**PROBLEM STATEMENT**
Skipping any pictures, repeat exactly and only the lines from the one that holds "Mammuthus meridionalis részleges" to the last line of the material, both included.

**GIVEN ENTRIES**
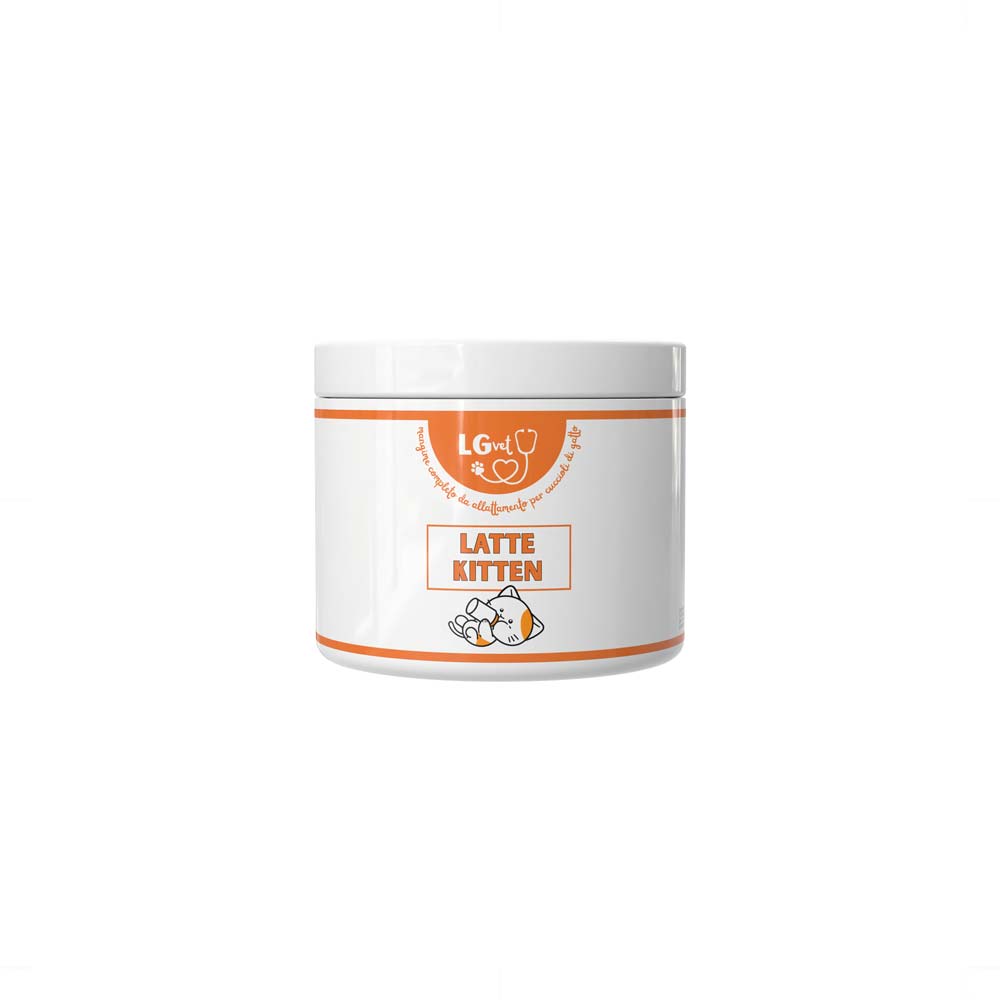 Latte Kitten 3 Latte Kitten - immagine 3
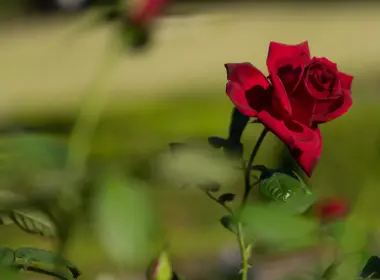 红玫瑰，花瓣，特写，模糊 5928x3956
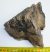 Mammuthus meridionalis részleges fog (835 gramm)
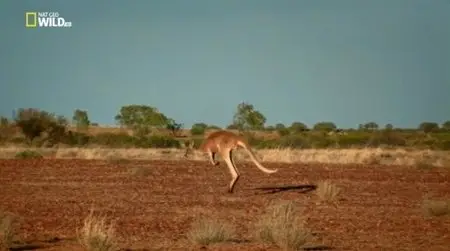 National Geographic - The Kangaroo King (2015)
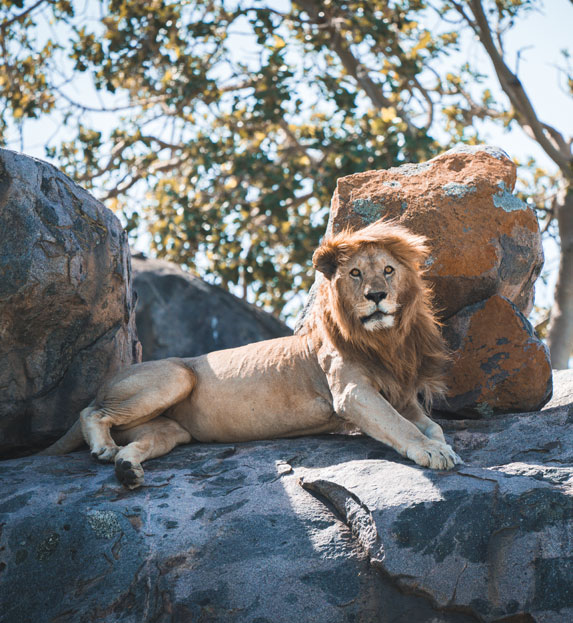 lion-on-rock-tanzania-walking-safari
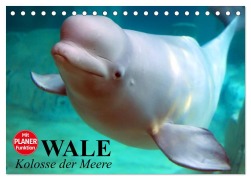 Wale. Kolosse der Meere (Tischkalender 2026 DIN A5 quer), CALVENDO Monatskalender - Elisabeth Stanzer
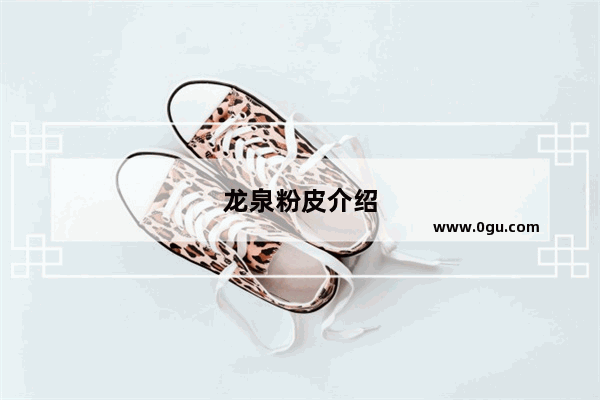 龙泉粉皮介绍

**PROBLEM SOLUTION**
 Mammuthus meridionalis részleges fog (835 gramm)
 National Geographic - The Kangaroo King (2015)
 lion-on-rock-tanzania-walking-safari
 Wale. Kolosse der Meere (Tischkalender 2026 DIN A5 quer), CALVENDO Monatskalender - Elisabeth Stanzer
 龙泉粉皮介绍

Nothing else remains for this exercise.